Activity: Reproduce the listing below word for word, with no pictures.

Dataset section:

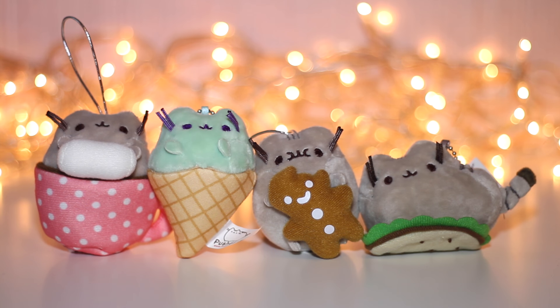I wish I had more than 4 boxes because now I want to collect all of them. If you like this video and want me to open up more Pusheen blind boxes, please comment down below, give me a thumbs up and subscribe! Thank you for watching! Bye!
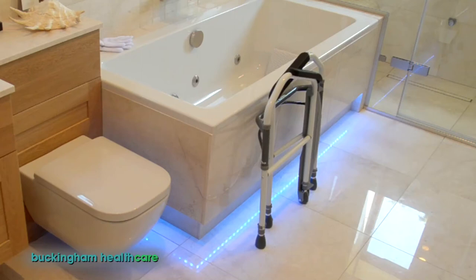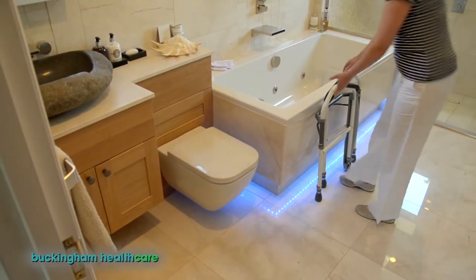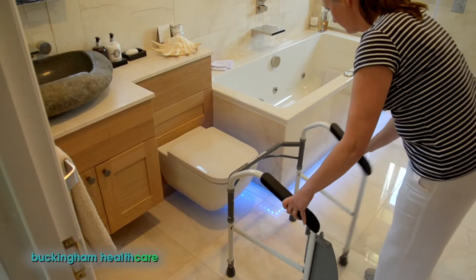This is the FoldEasy toilet frame designed by occupational therapist Chris Buckingham. Place the frame in front of your toilet and open each leg until the spring clips lock safely into place.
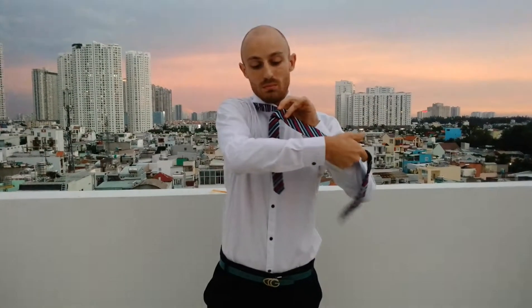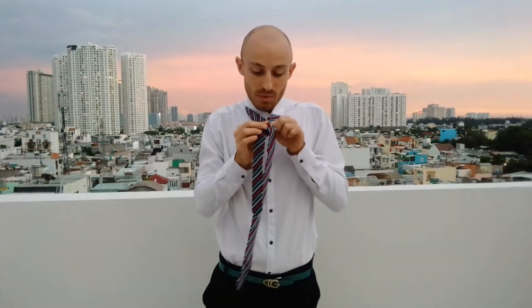Boom. See, like this. Boom. Keep it. Now,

Answer to the problem:
I wish I had more than 4 boxes because now I want to collect all of them. If you like this video and want me to open up more Pusheen blind boxes, please comment down below, give me a thumbs up and subscribe! Thank you for watching! Bye!
This is the FoldEasy toilet frame designed by occupational therapist Chris Buckingham. Place the frame in front of your toilet and open each leg until the spring clips lock safely into place.
Boom. See, like this. Boom. Keep it. Now,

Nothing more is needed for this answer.